The importer first challenged Judge M. Miller Baker’s ruling that it had waived an argument that its imported plywood was outside the scope of AD/CVD orders because “the orders only cover plywood containing ‘at least three plies.’” The judge observed that InterGlobal “appears to contend that its imports contained fewer than three plies and thus were out-of-scope,” but that “it cites no record evidence for this proposition” and hadn’t argued the point administratively.

But InterGlobal said Baker had misunderstood the argument. It said it was arguing, rather, that its Cambodian exporter, LB Wood, hadn’t imported any Chinese-origin three-ply plywood to use in its production processes; it said this argument has already seen “extensive litigation.” The importer added that the point “did not need to be explicitly restated because as a matter of law, anything less than three plies is not covered merchandise.”

Next, it said CIT “mischaracterized” one of the items for which InterGlobal sought judicial notice.
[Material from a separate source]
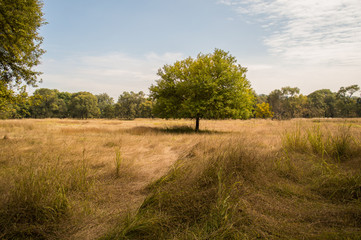 Chengde Mountain Resort, a large complex of imperial palaces and gardens and a World Heritage Site situated in Chengde, imperial summer residence in north China.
It claimed the court incorrectly referred to the item, a Jan. 16 stipulated judgment between the U.S. and Richmond International Forest Products, another importer that purchased from LB Wood, as a “settlement.”

The importer then challenged Baker’s statement that “Customs concluded that InterGlobal’s Cambodian supplier, LB Wood, ‘could not have produced’ all the plywood it claimed to have made in that country.” This was “not fact,” InterGlobal said, but rather “a false conclusory argument maintained uniquely by the Government’s attorneys whom CBP disagrees with.”
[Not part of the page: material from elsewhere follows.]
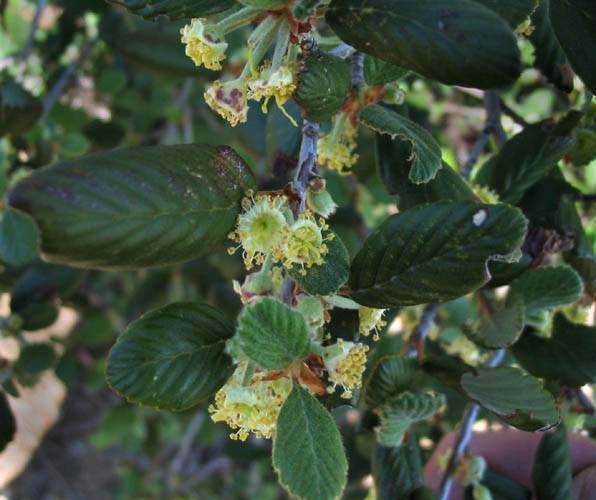 Cercocarpus betuloides (Birchleaf Mountain Mahogany) (alternate view 7)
“The entire decision rests upon the existence of this single false ‘fact,'” it claimed. “The parties irrefutably agree the fact is that CBP’s investigation found that the plywood manufactured by plaintiff-intervenor LB Wood in Cambodia is of Cambodian origin.”

InterGlobal also argued that the government was judicially estopped from asserting it circumvented the Chinese plywood AD/CVD orders by that Jan. 16 stipulated judgment, calling the U.S. positions in the two proceedings “complete opposites.” In that Jan. 16 judgment, it agreed imports purchased by Richmond International from LB Wood were of Cambodian origin, but reached a different conclusion regarding imports purchased by InterGlobal, the importer said.

It next claimed that the court’s opinion "disregarded res judicata" -- the principle that an issue can't be relitigated once it has been judged on its merits in another action -- claiming privity with Richmond International. It followed that up with separate collateral estoppel and stare decisis claims.

Finally, it called the court’s refusal to take judicial notice of the Jan. 16 stipulated judgment “clear error,” saying that the judgment couldn’t have been included on the administrative record. It also claimed that “a court can go outside the administrative record when there is a strong showing of bad faith or improper behavior, both of which are present here.”